Vogelwild steht er vor mir. Luigi. Himmelwärts ragende, blonde Haare. Tätowierungen. Cowboystiefel mit Union Jack. Markante Sonnenbrille mit gelben Gläsern. Verwegener noch als sein Outfit ist seine Lebensgeschichte. Geboren in Mannheim. Als „Kanakenkind“. So hat er seine Biographie überschrieben. Gastarbeiterfamilie aus Sizilien. Familiäre Gewalt. Absturz in den Drogensumpf. Kriminalität. Heroin. Kurz vor dem Exitus.
Dann eine Begegnung. Mit „einem Juden, den wir alle kennen“. So erzählt er ganz locker. „Jesus von Nazareth“. Dieser „Jesus“, den Namen trägt er tätowiert auf der Haut, habe ihm die Kraft gegeben, sein Leben zu drehen. Jesus und – eine Kamera. Er beginnt zu fotografieren. Gibt den Unsichtbaren ein Gesicht. Menschen im nahegelegenen Flüchtlingsheim. Zunächst.
Dann das Projekt, mit dem er sich international einen Namen gemacht hat: „Gegen das Vergessen“. Luigi Toscano wird zum Fotografen der Holocaustüberlebenden. Ohne Drogen. Mit Kamera. Und heißem Herzen.
„Wer sich nicht an die Vergangenheit erinnert, ist dazu verdammt, sie zu wiederholen.“ Der Satz des Philosophen George Santayana wird für ihn wegweisend. Über 600 Überlebende der Shoah fotografiert er. Erfährt ihre Geschichten. Die Dunkelheit. Das Grauen. Nicht selten zum ersten Mal erzählt. Ihm. Dem Vogelwilden mit der Kamera. Und damit auch uns.

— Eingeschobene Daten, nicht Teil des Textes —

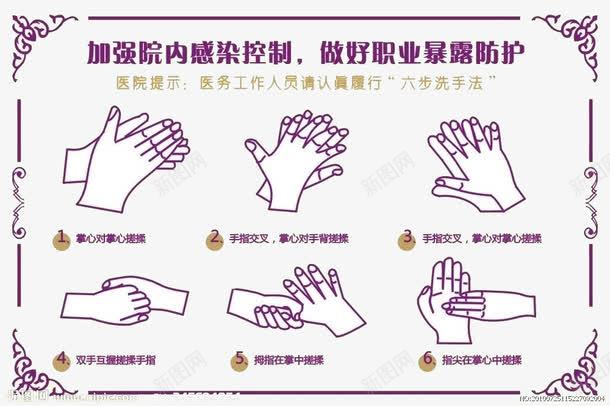 洗手步骤png免抠素材_88icon https://88icon.com 可爱 干净 步骤 洗手 洗手宣传海报 洗手步骤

Er brennt das Menschheitsverbrechen, das geschehen ist, fast paradox filigran mit seinen Bildern auf unsere Netzhaut. Wer seine Bilder gesehen hat, kann die Vergangenheit nicht vergessen. Das ist Luigis großartiger Beitrag dazu, dass ein solches Grauen hoffentlich nicht wieder geschieht. Die UNESCO hat ihn 2021 dafür als ersten Fotografen überhaupt zum „Artist for Peace“ ernannt.
Wie wichtig ist diese Erinnerung gerade heute. Wie dankbar bin ich, ihn getroffen zu haben. Jesus und eine Kamera haben es möglich gemacht. Es gibt noch Wunder in unseren Tagen.